Hi! I am using latest Merlin WRT (380.67) on my RT-AC68U and I am trying to monitor the WAN traffic with mrtg and Nagios. The problem is that SNMP reports ifSpeed as only 1250 Kbytes, while the real speed is 1Gbps: "IF-MIB::ifSpeed.4 = Gauge32: 10000000", "IF-MIB::ifHighSpeed.4 = Gauge32: 10". Is this a bug or am I doing something wrong? Thanks

Hi

I have also been looking at using MRTG to track stats of the router (even though the built in stats on the router are miles ahead of what I have managed in MRTG). What I found was that the SNMP exposes the ETH0 and the VLAN1 interfaces, where VLAN1 appears the be local LAN based traffic and ETH0 seems to count All wired ethernet traffic (i.e. WAN and LAN), so for instance if you perform a large download (600MB) over a wired connection, the interface stats show sending and receiving of 600MB of data, or that the in bytes is roughly the same as the out bytes. If you have no wired devices then that counter will work OK.
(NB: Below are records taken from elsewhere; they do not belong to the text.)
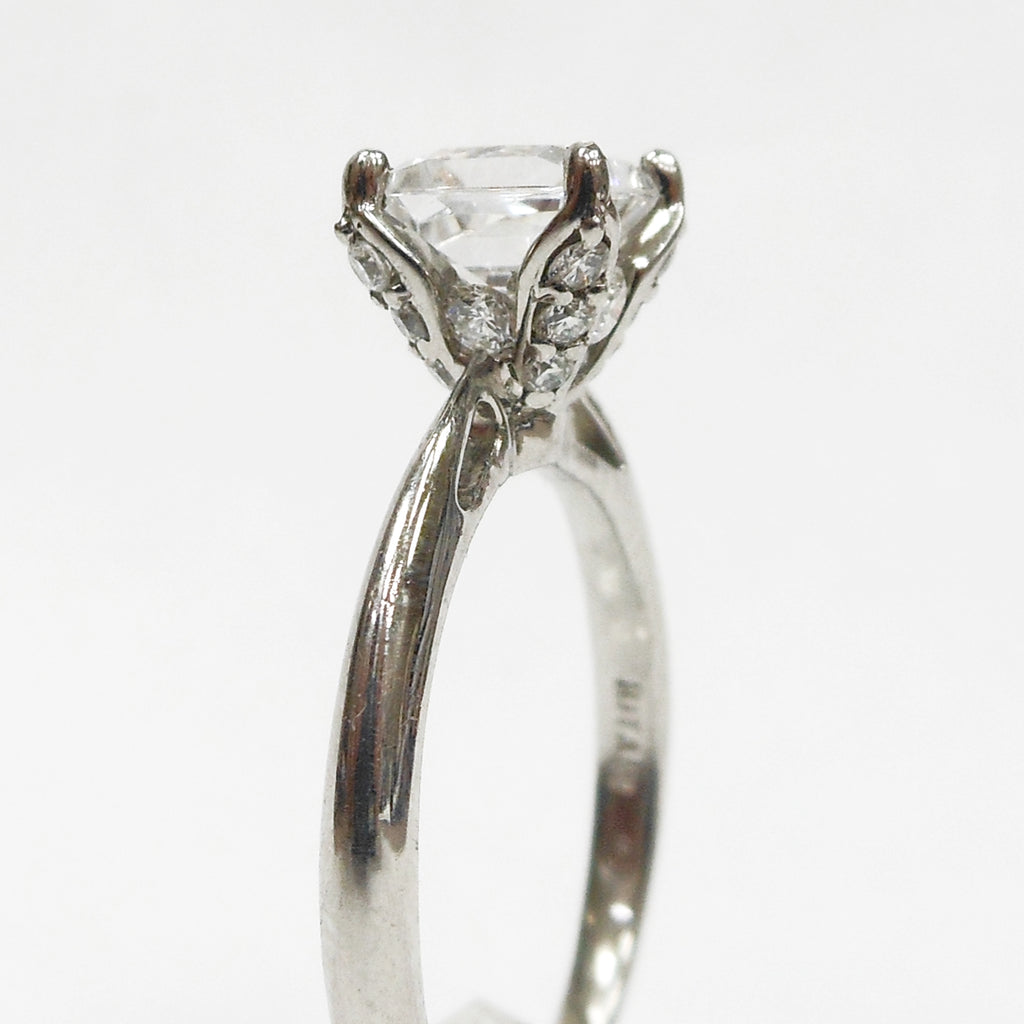 Ritani Platinum Engagement Ring for 1-1.25 ct Diamond–CZ Size 7.5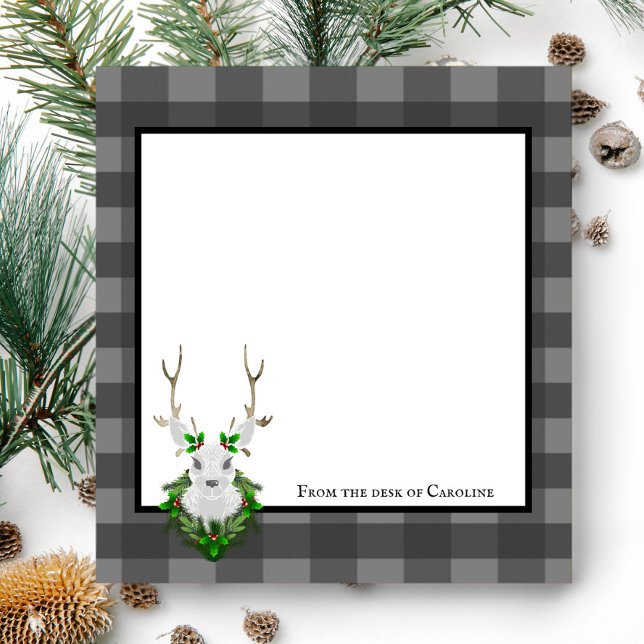 Bloc De Notas Búfalo de reno festivo personalizado (Gray Festive Reindeer Buffalo Plaid Personalized Notepad)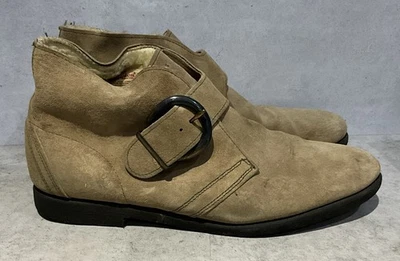 Vintage 1970’s Suede Buckle Boots Lined Sherpa Hush Puppies Size Mens 8 1/2 W - Image 1 of 4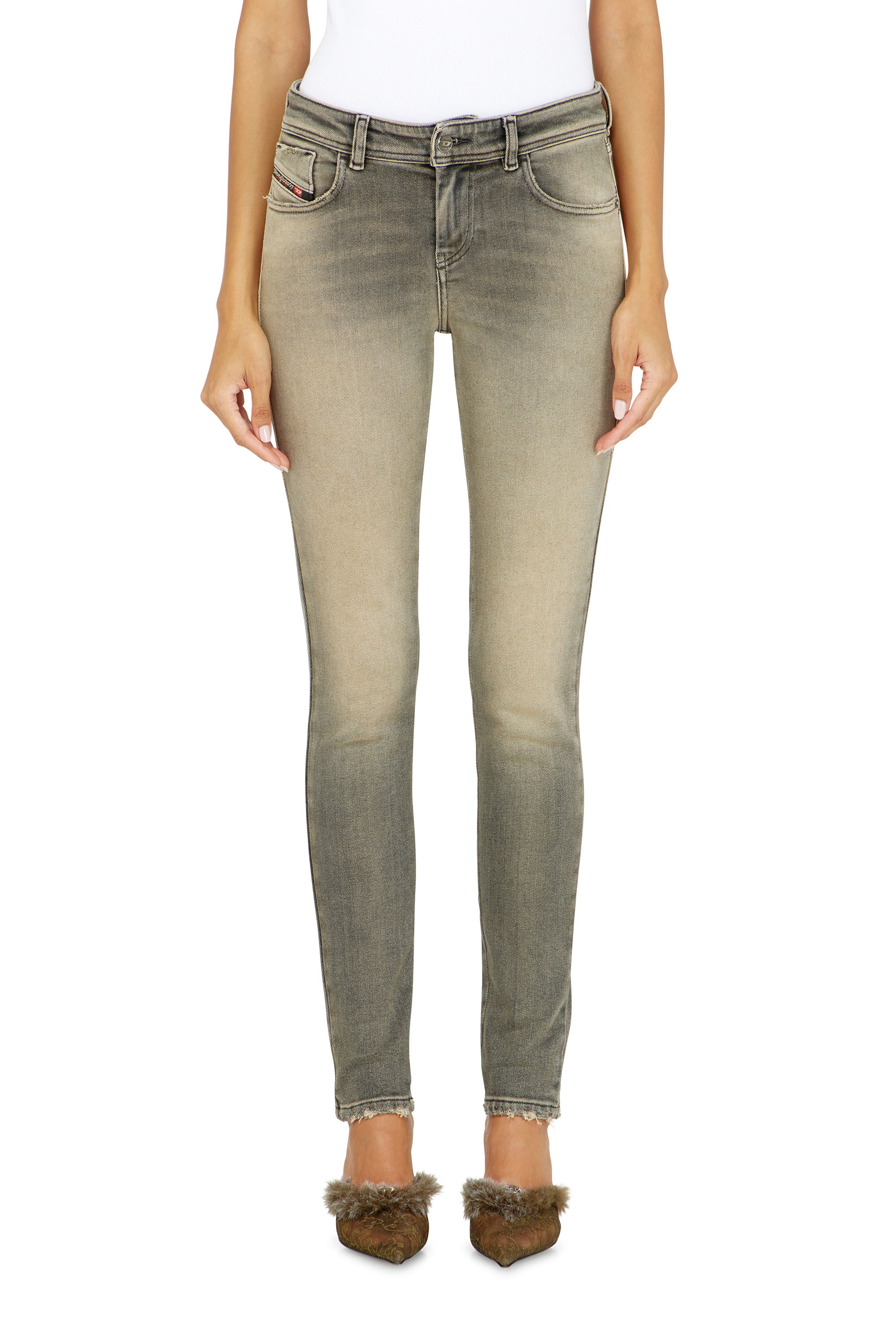 Diesel Skinny Jeans Regular Waist 2017 Slandy, Grey, Zip fly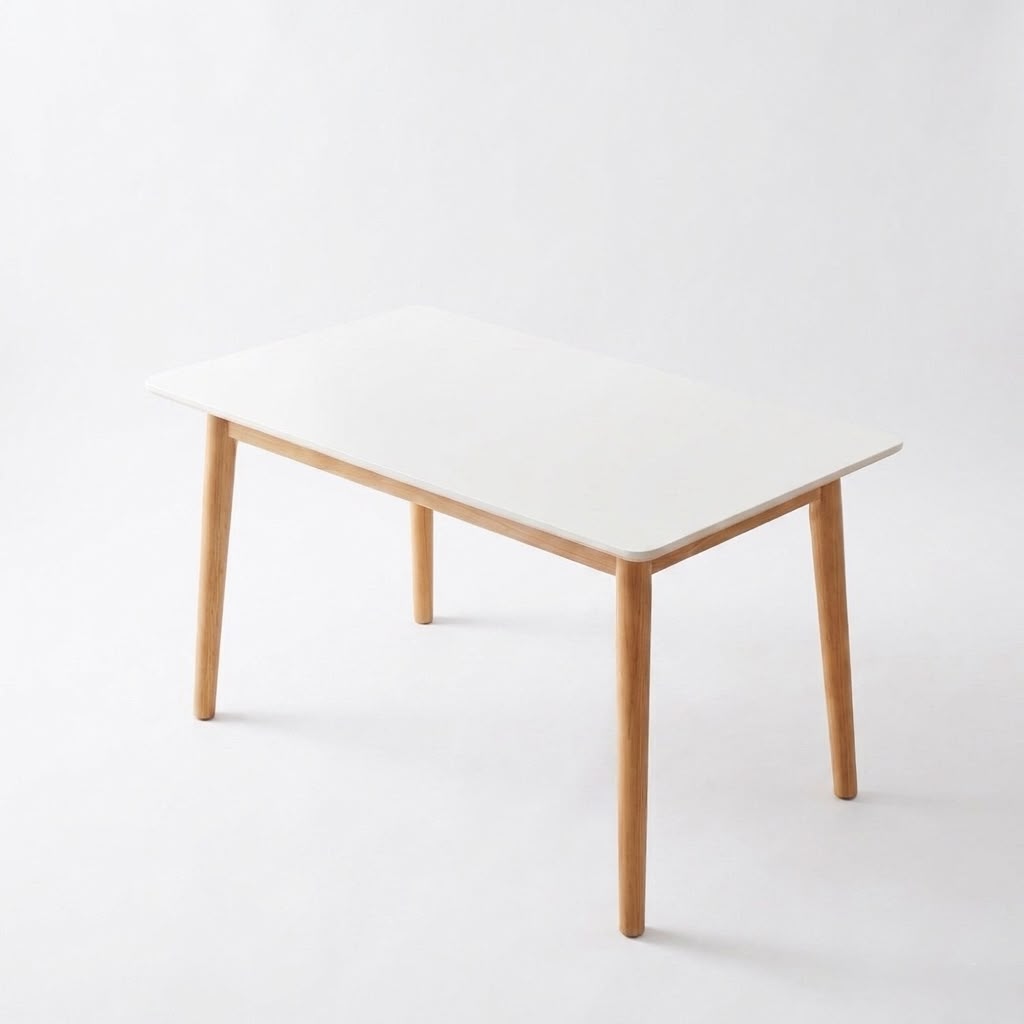 Nordic Edge Compact Dining Table - White/Oak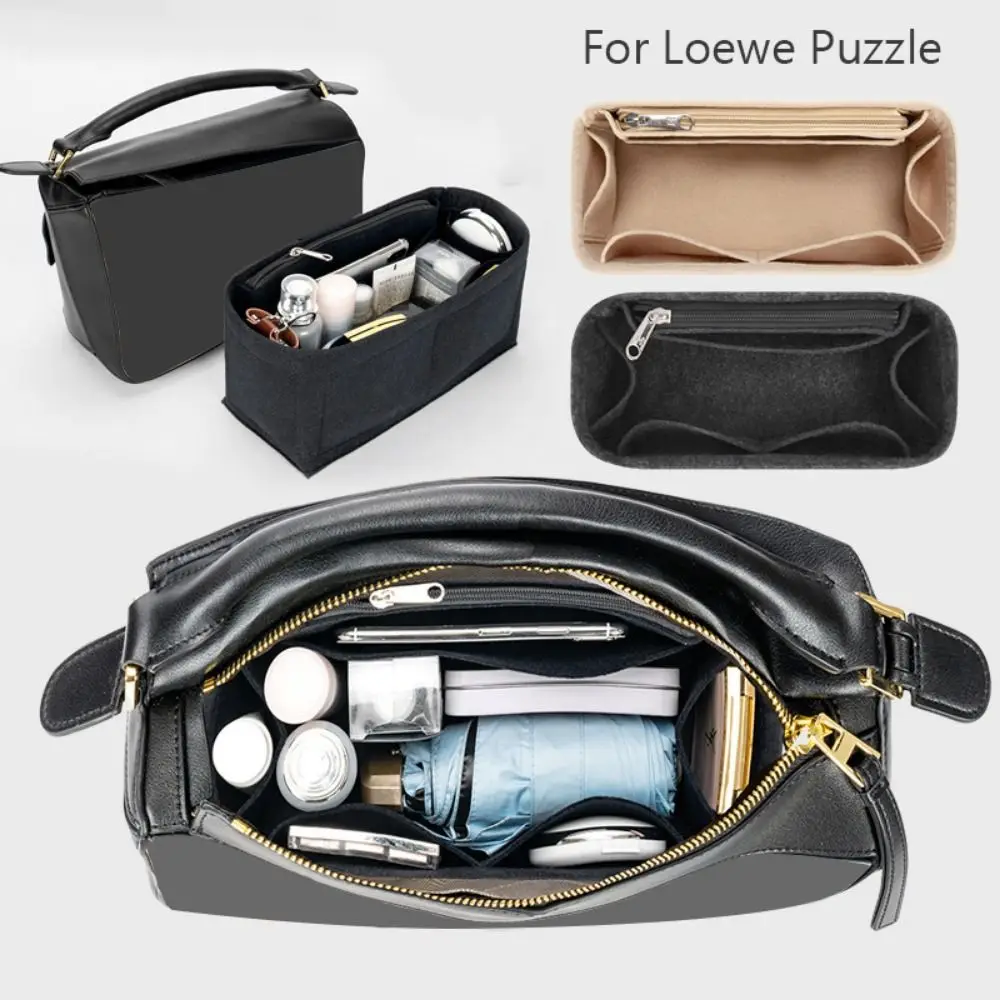 Bolso de fieltro Simple, bolsa de inserción, soporte para bolsa, bolsa interna multibolsillo, organizador portátil de gran capacidad para rompecabezas Loewe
SNMP reporting the wrong speed does not appear to be an issue with what I have been doing, i just adjust the MaxBytes parameter for the Interface in the mrtg.cfg file.

Hope that helps.
 
Hi

I have also been looking at using MRTG to track stats of the router (even though the built in stats on the router are miles ahead of what I have managed in MRTG). What I found was that the SNMP exposes the ETH0 and the VLAN1 interfaces, where VLAN1 appears the be local LAN based traffic and ETH0 seems to count All wired ethernet traffic (i.e. WAN and LAN), so for instance if you perform a large download (600MB) over a wired connection, the interface stats show sending and receiving of 600MB of data, or that the in bytes is roughly the same as the out bytes. If you have no wired devices then that counter will work OK.

SNMP reporting the wrong speed does not appear to be an issue with what I have been doing, i just adjust the MaxBytes parameter for the Interface in the mrtg.cfg file.

Hope that helps.

Thanks for the answer! I will stop using mrtg for now, I figured out that it was an unnecessary headache.